Recorded data >>
......
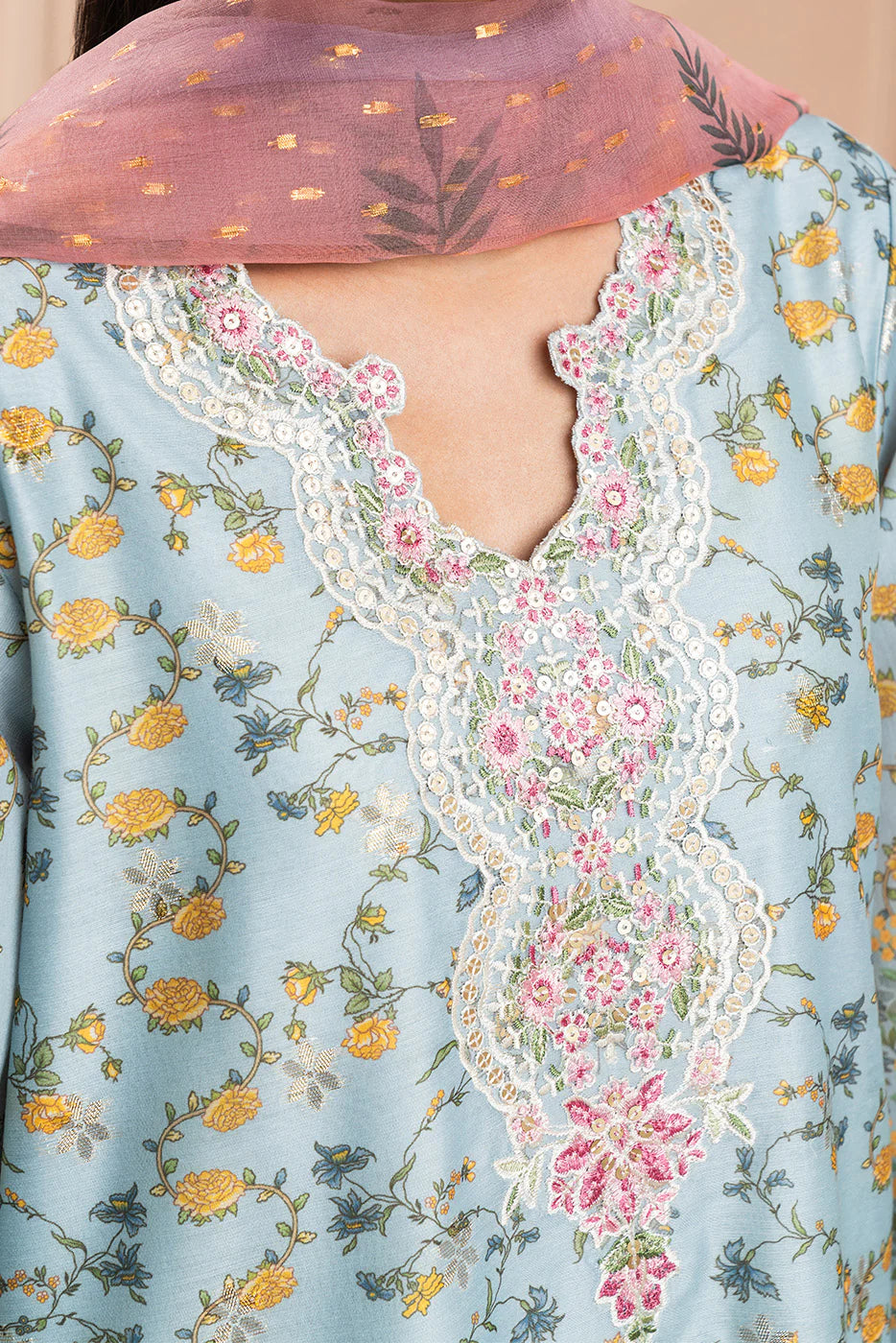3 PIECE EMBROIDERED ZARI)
......
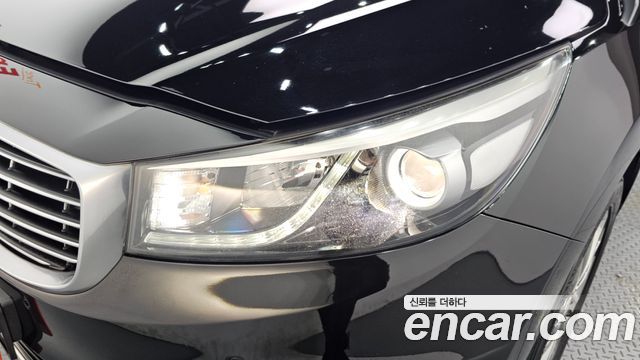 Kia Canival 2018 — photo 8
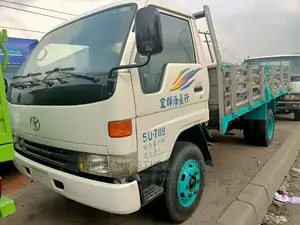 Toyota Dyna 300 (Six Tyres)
......
Work item >> Go to the line above that contains "Kia Canival 2018 — photo 8" and reproduce everything exactly from there through the line that contains "Toyota Dyna 300 (Six Tyres)", leaving out the pictures.

Answer to this problem >>
 Kia Canival 2018 — photo 8
 Toyota Dyna 300 (Six Tyres)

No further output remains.